今天邀约纪南岑到家里小聚,也算是完成自己剩下还没实现的梦想。

递出一封单薄的信件,换回了纪南岑手中的酒,她自顾自的起开瓶塞,“来吧,咱们之间说话就不磨磨唧唧了,这个你拿走。”

纪南岑迫不及待的撕开信封,抖出一张薄纸,上面只记了一个地址,从字面就能看出,那是某个墓地。

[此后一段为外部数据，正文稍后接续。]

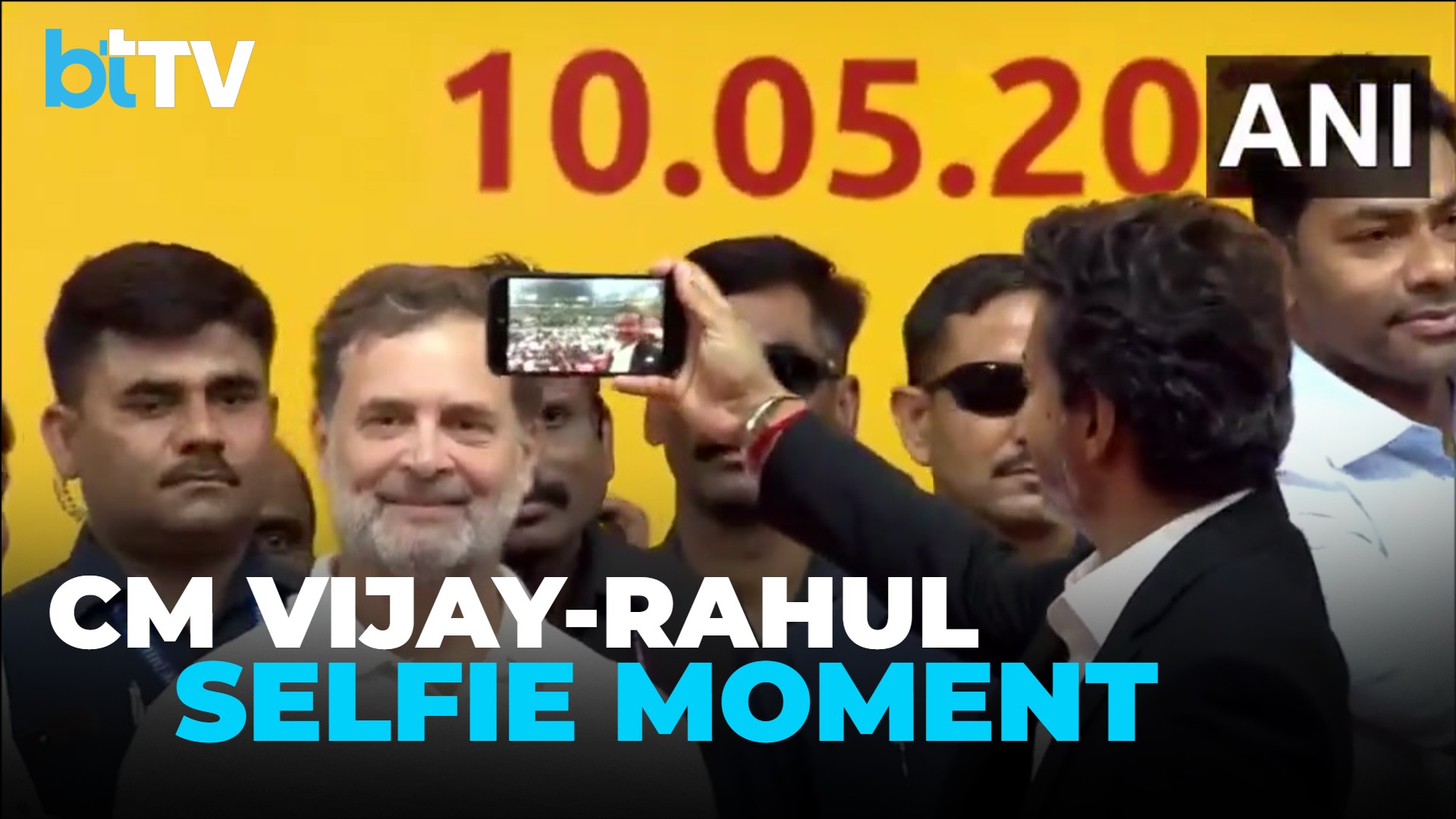 Tamil Nadu CM Vijay Takes Selfie With Rahul Gandhi & Massive Crowd | Viral Video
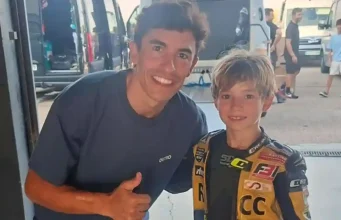 Viral! Marc Marquez Membantu Seorang Pembalap Cilik yang Tak Sengaja Bertemu Dengannya Saat Berlatih di Aragon Marc Marquez - Marc Soles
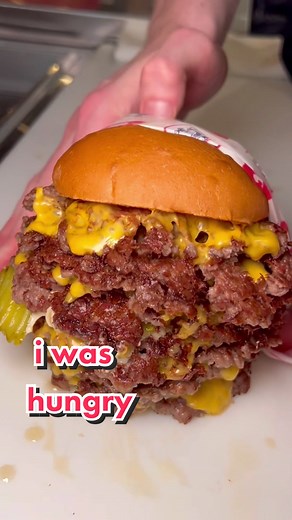 Bulk patties #burger #burgers #viral #cookingvideo #burgerporn #foodporn #fyp #smashburger #burgertok #asmr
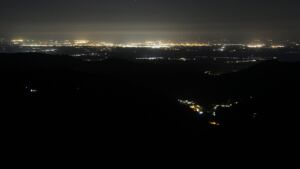 Dieses Bild zeigt eine Webcam-Aufnahme vom Achertal, aufgenommen am Dienstag, den 26.08.2025 um 01:00 Uhr. Die Temperatur betrug 14.3°C.
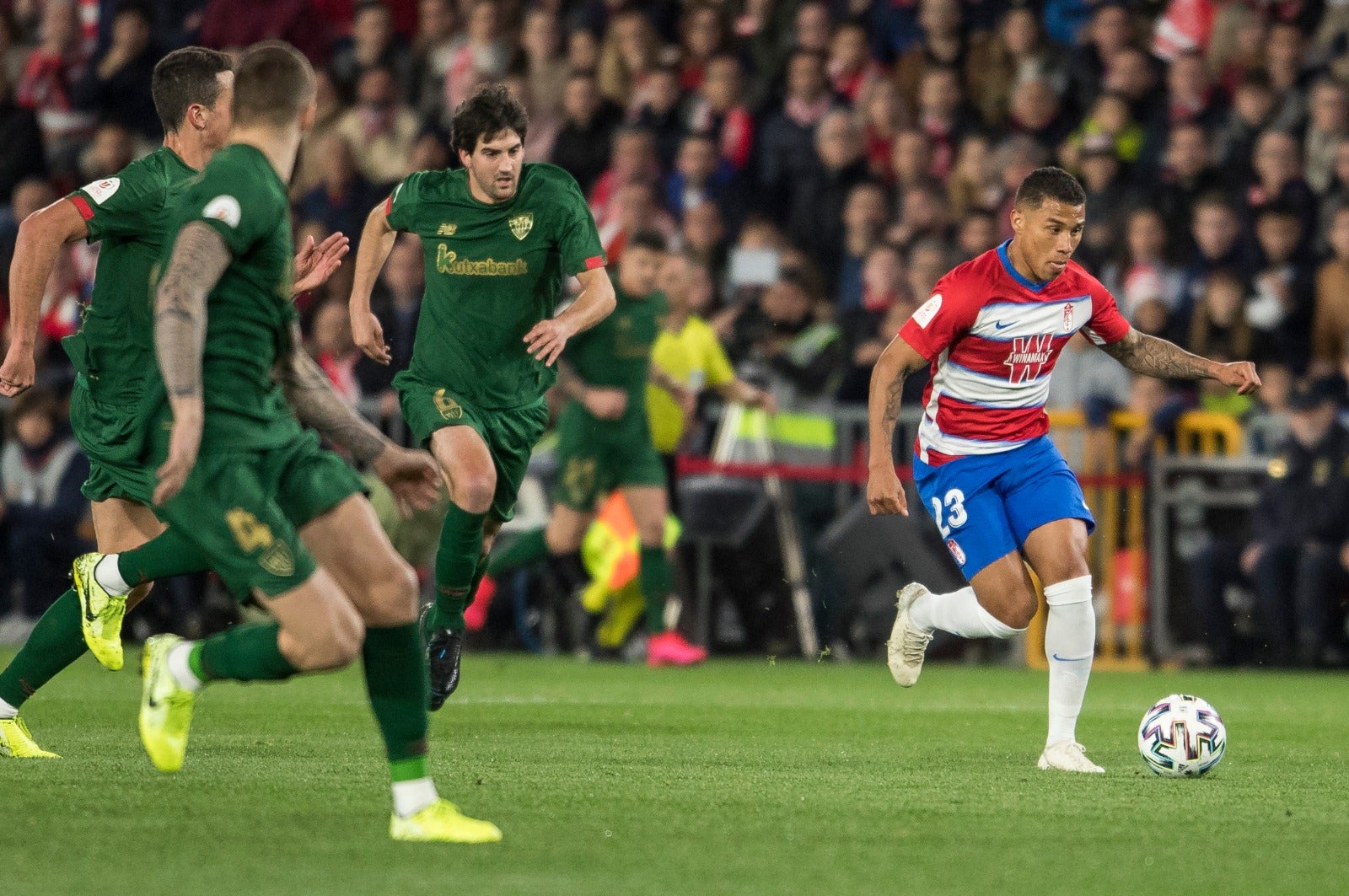 Las mejores imágenes de los momentos más destacados del duelo copero en Los Cármenes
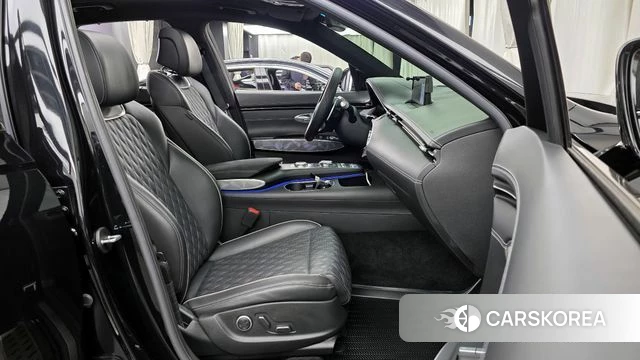 Genesis GV70 2021 Черный из Кореи, фото 2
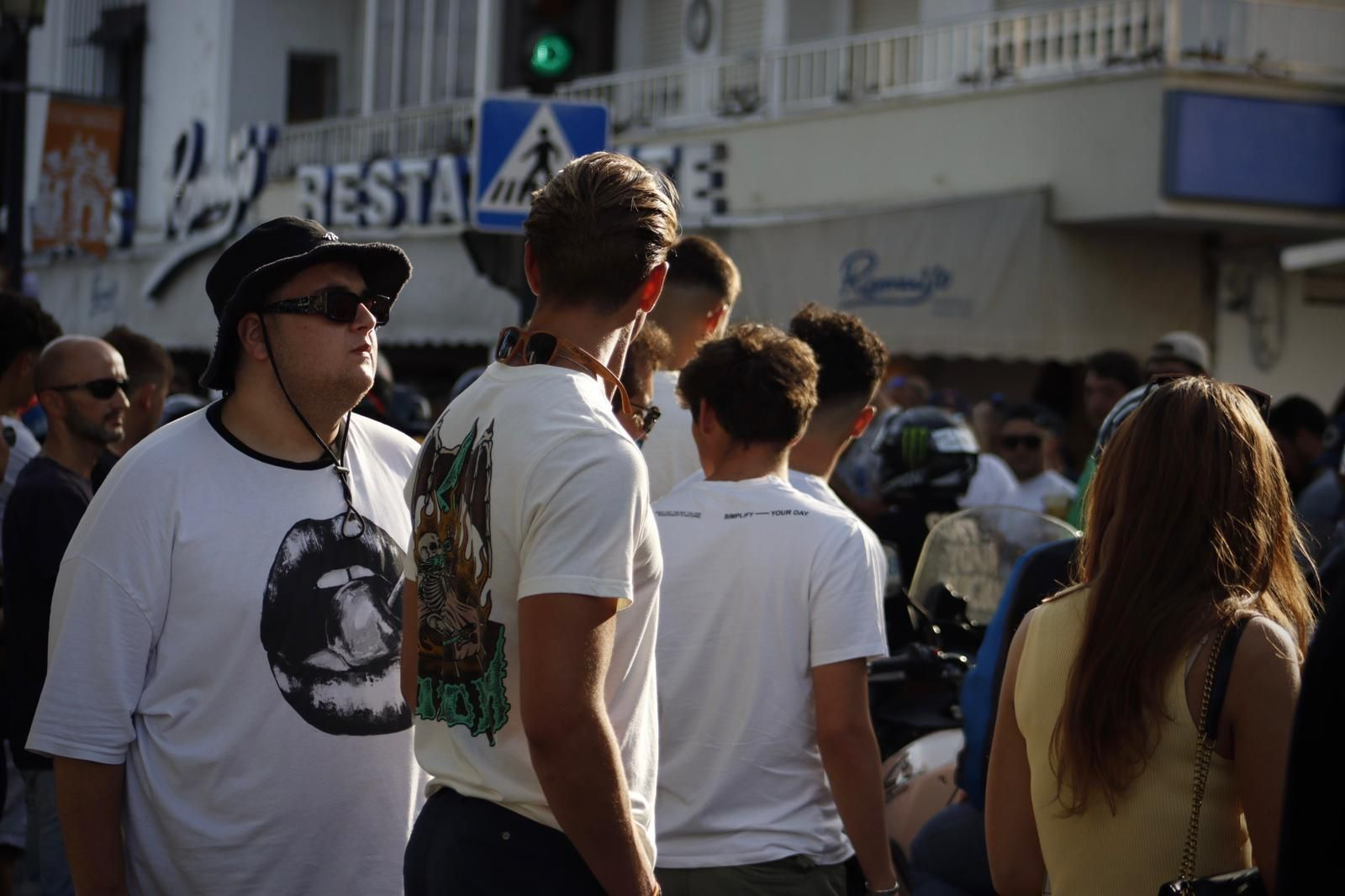 Las imágenes del sábado durante  la morotada en el Puerto de Santa María.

来不及开口询问,陆之默主动解释着:“寻找你家人的下落,我不是没有放在心上,这些年我总想着再等一等,等怒马会能组织成熟,等神明信仰的面世,等自己的计划实现。

等着等着就成了年复一年,我很抱歉,为了完成自己的计划,一直利用着你,甚至妨碍着你找到家人。

这个地址是你父母墓地在崇安市,如果想去看看就抽空去一趟吧,说不定就能通过这条线索,找到其他亲戚的下落。”

纪南岑小心翼翼的捧着信封,好像这样就能维系住未知的亲情,她日日夜夜在渴望着家人,可墓地的字眼太残酷了,戳得让她心底最柔软的一处阵阵剧痛。

客厅里的萧瑟混杂着沉默。

即便笑容惨淡,纪南岑还是接受了这迟到的礼物和事实,她抬眼朝着陆之默眨巴眨巴。

“这是锦上添花的好事,相比之下,你能活着是我今年最大的心愿,它实现了,用一种奇奇怪怪的玄幻方式,哈哈哈哈。”也许这番话也是在慰藉她自己。

陆之默悠闲的单手搭在沙发靠背上,翘着孤零零的左脚,即使善于隐藏心思,但如今的她卸下了所有的防备,眼神溢出的孤独实在容易被洞悉。